Sono passati cinquant’anni da quell’11 aprile 1961, quando incominciò il processo a Adolf Eichmann. Fu impiccato pochi minuti prima della mezzanotte del 31 maggio 1962. Il corpo venne cremato e le sue ceneri disperse in mare. La condanna inevitabile: già il Tribunale Militare Internazionale lo aveva precedentemente giudicato affermando che eseguire ordini contrari ai principi della morale e della coscienza, calpestando leggi fondamentali del vivere civile, non potevano giuridicamente né moralmente configurare alcuna attenuante.

 

La strenua difesa dell’ufficiale delle SS in merito alle accuse, il suo “obbedivo a ordini superiori” non poteva essere accettato. Così tuonava il Pubblico Ministero dallo scranno della Accusa: “la legislazione israeliana rifiuta una tale linea di difesa, e proverà con questo processo che l’imputato agiva di propria iniziativa scavalcando gli ordini ricevuti, mostrandosi zelante agli occhi dei suoi superiori in un’attività consona alla sua vocazione” (Gideon Hausner -“Sei milioni di accusatori. La relazione introduttiva del procuratore generale al processo Eichmann” Einaudi).

 

L’ondata emotiva che travolse il popolo ebraico, dalla cattura all’esecuzione, fu imperiosa e travolgente: il maggior responsabile dello sterminio di 6 milioni di ebrei (calcolo desunto dai verbali minuziosamente redatti dai burocrati della morte dei vari universi concentrazionari) era stato catturato dopo 15 anni di ricerche forsennate e per lungo tempo infruttuose.

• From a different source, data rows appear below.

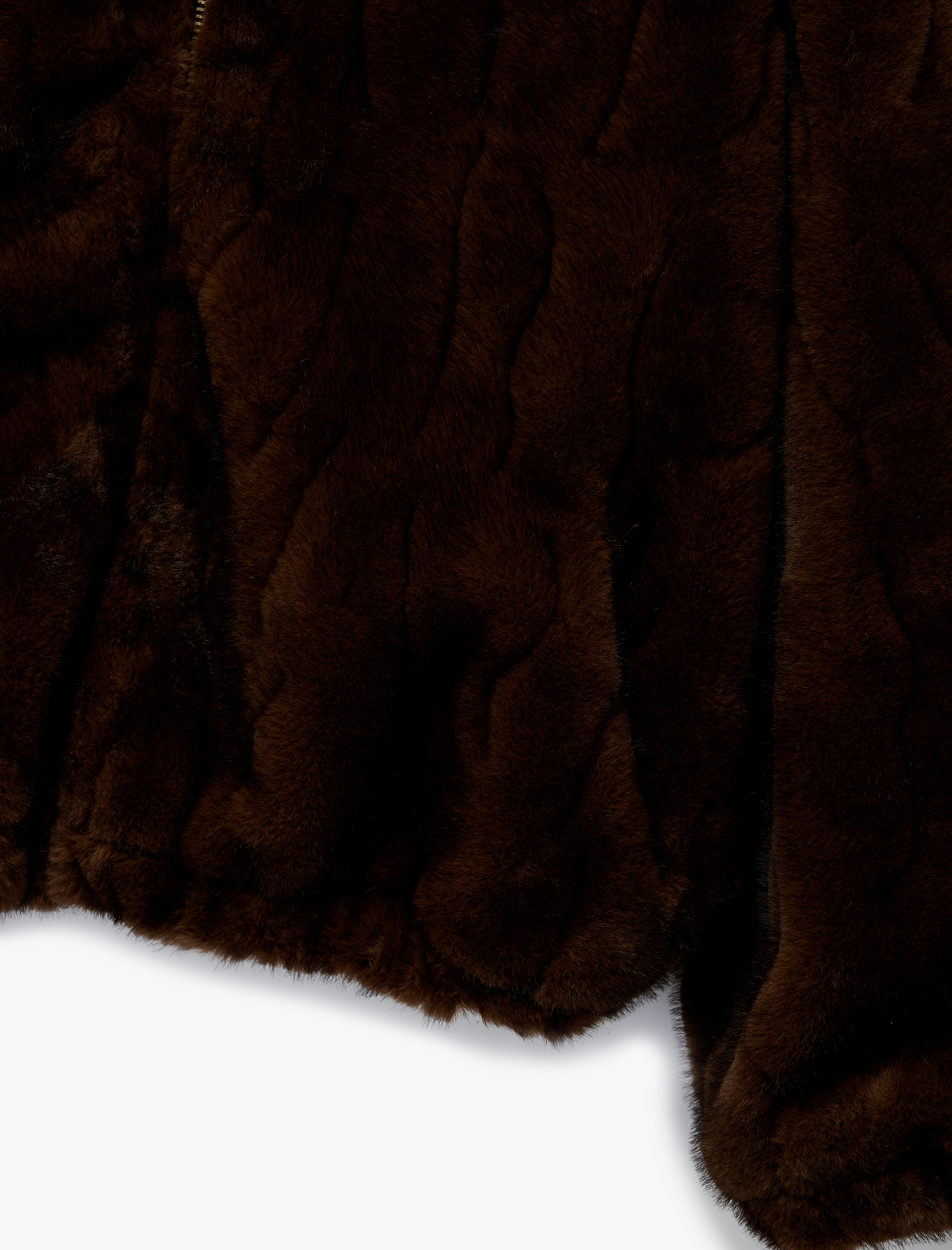   Koton X Sibil Çetinkaya - Suni Kürk Mont Uzun Kollu Dik Yaka Fermuarlı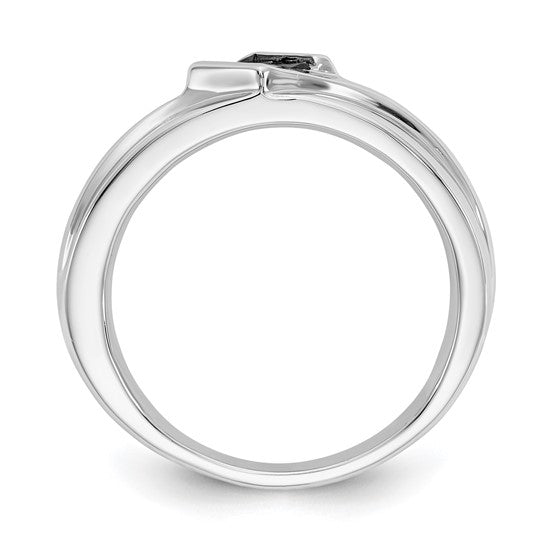 14k White Gold Black Diamond Mens Ring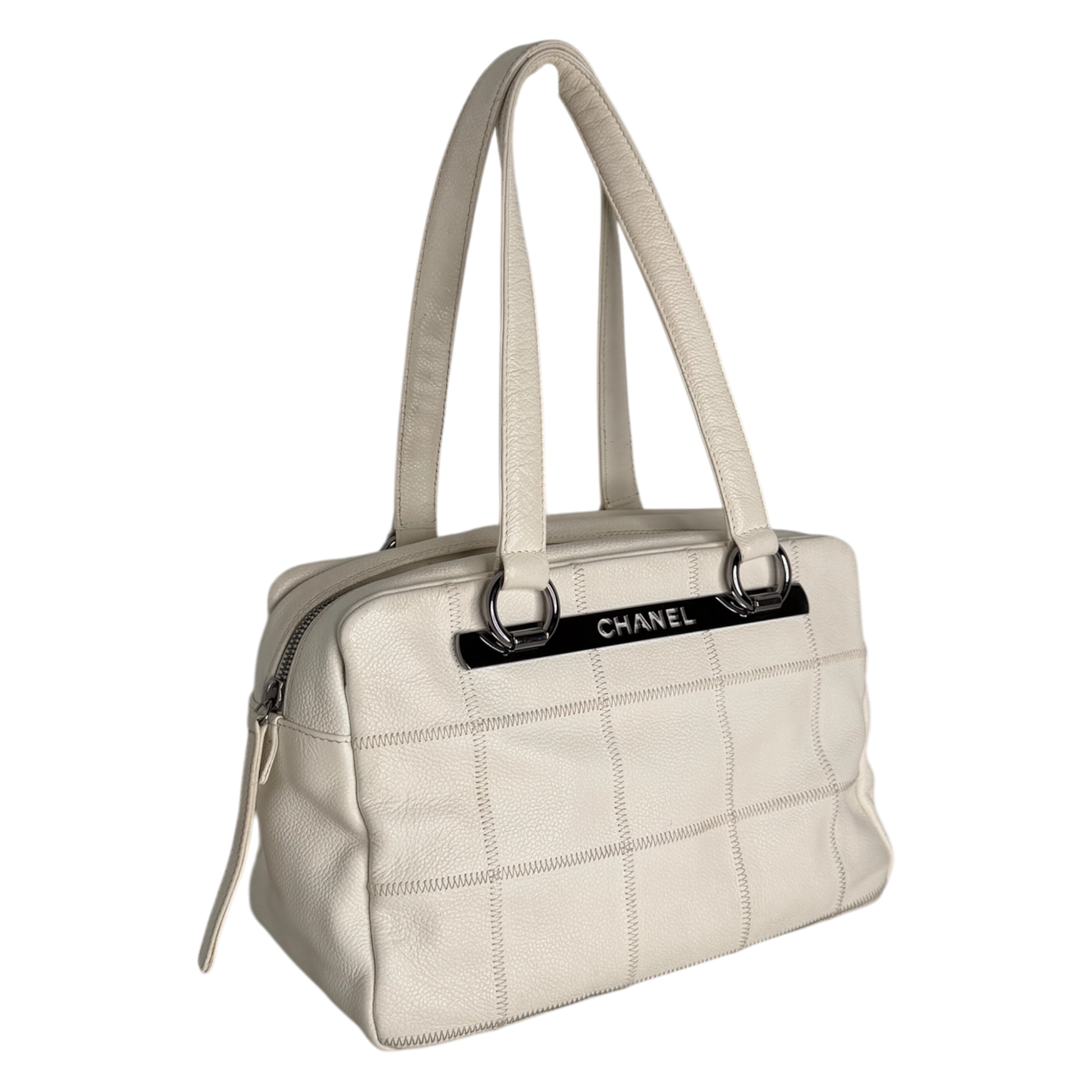 Chanel Square Stitch LAX Bowler Bag weiß / gut Chanel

Hannah Arendt, che aveva seguito direttamente il processo come inviata del “New Yorker”, coniò per Eichmann la definizione che lo descrisse e lo registrò poi nella Storia: non un mostro, ma l'incarnazione dell'assoluta banalità del male (“La banalità del male- Eichmann a Gerusalemme” – Feltrinelli). Non un uomo “specializzato” nel compiere del male e neanche un folle, esaltato dal piacere di eseguire gesti malvagi. Un uomo che appartiene alla categoria degli uomini normali, che banalmente ci assomigliano.

 

Il Procuratore Generale Gideon Hausner dipinse Eichmann come un personaggio feroce, peggiore di Gengis Khan, Attila e Ivan il Terribile, addirittura più feroce dello stesso ideatore del “male assoluto” incarnato da Hitler; lo storico David Cesarani (“Adolf Eichmann – Anatomia di un criminale” – Le Scie Mondadori) descrive Eichmann come “un uomo ormai assuefatto all’orrore e incapace di normale compassione umana”. Insomma un personaggio, Eichmann, che oscilla tra il mostruoso di Hausner e il banale della Arendt, con la specificazione di Cesarani dell’uomo comune –ordinary man-, definizione sostenuta anche dai colleghi Saul Friedlander e Christopher R. Browning.

 
Eichmann, un individuo che aveva saputo compiere quegli atti criminali – organizzare sapientemente la selezione, il trasporto e lo sterminio di uomini, donne e bambini- costruendo una potente macchina distruttiva ben oleata (perfino gli ordini per il gas Ziklon B erano firmati di suo pugno) ed era stato anche capace di far perdere le sue tracce alla vigilia della disfatta germanica.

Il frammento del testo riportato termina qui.